Exercise data »
──────

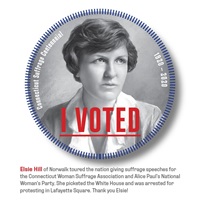 Digital I Voted Sticker with image and text of Elsie Hill
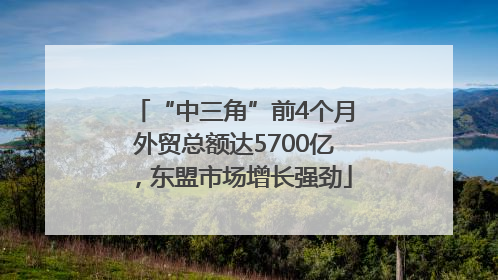 “中三角”前4个月外贸总额达5700亿，东盟市场增长强劲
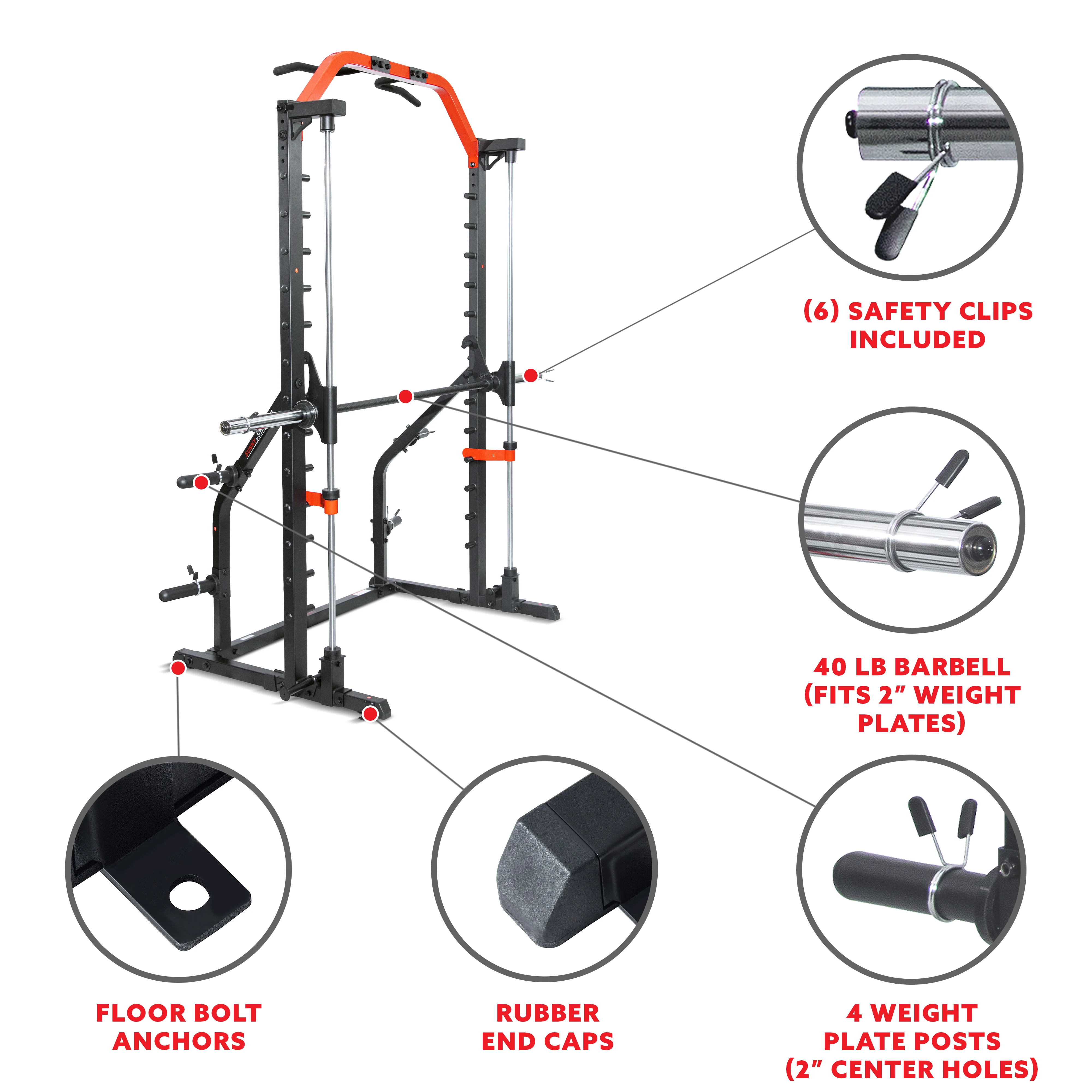 Sunny Health & Fitness Smith Machine Squat Rack Essential Series II – SF-XF920021 - Image 5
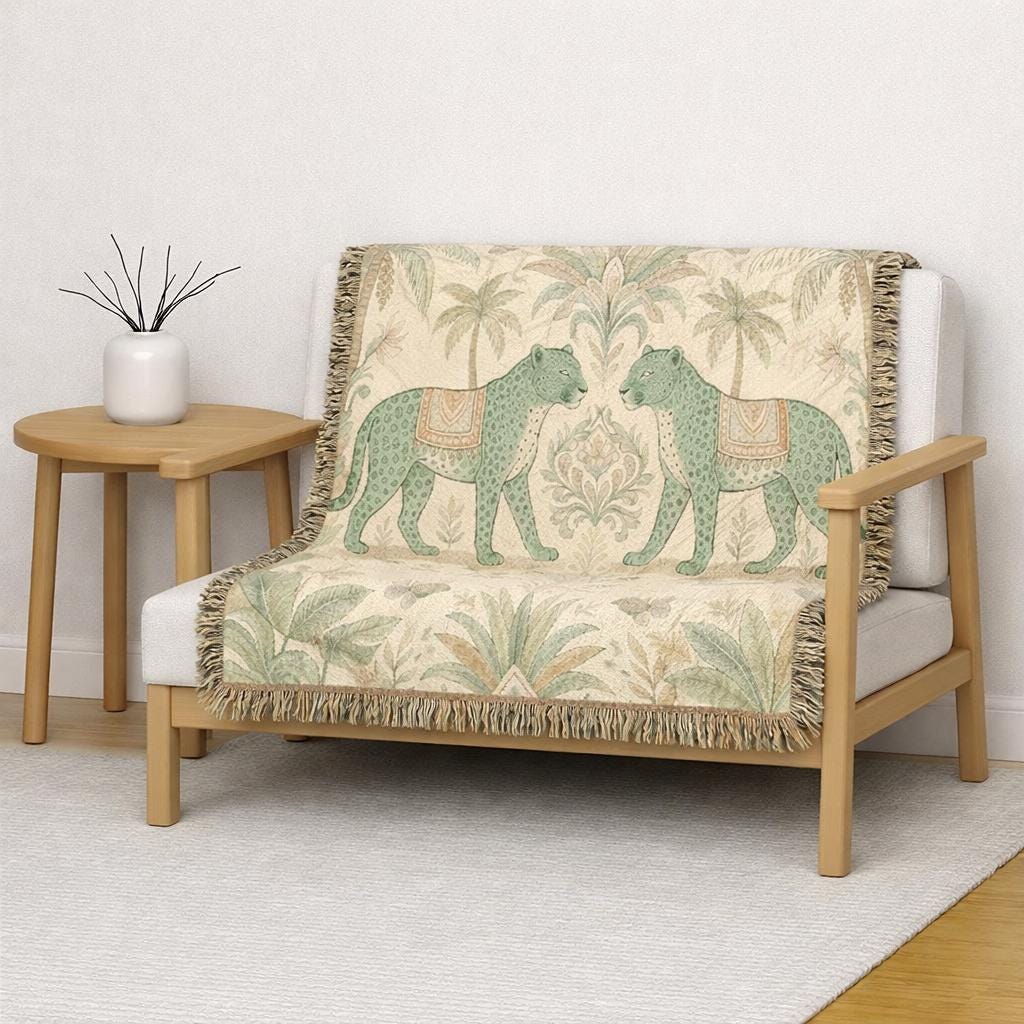 Paisley Tiger Tapestry Woven Blanket | Boho Palm Motif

──────

What is required »
All the data above is to be transcribed exactly, with no pictures included.

Expected answer »
 Digital I Voted Sticker with image and text of Elsie Hill
 “中三角”前4个月外贸总额达5700亿，东盟市场增长强劲
 Sunny Health & Fitness Smith Machine Squat Rack Essential Series II – SF-XF920021 - Image 5
 Paisley Tiger Tapestry Woven Blanket | Boho Palm Motif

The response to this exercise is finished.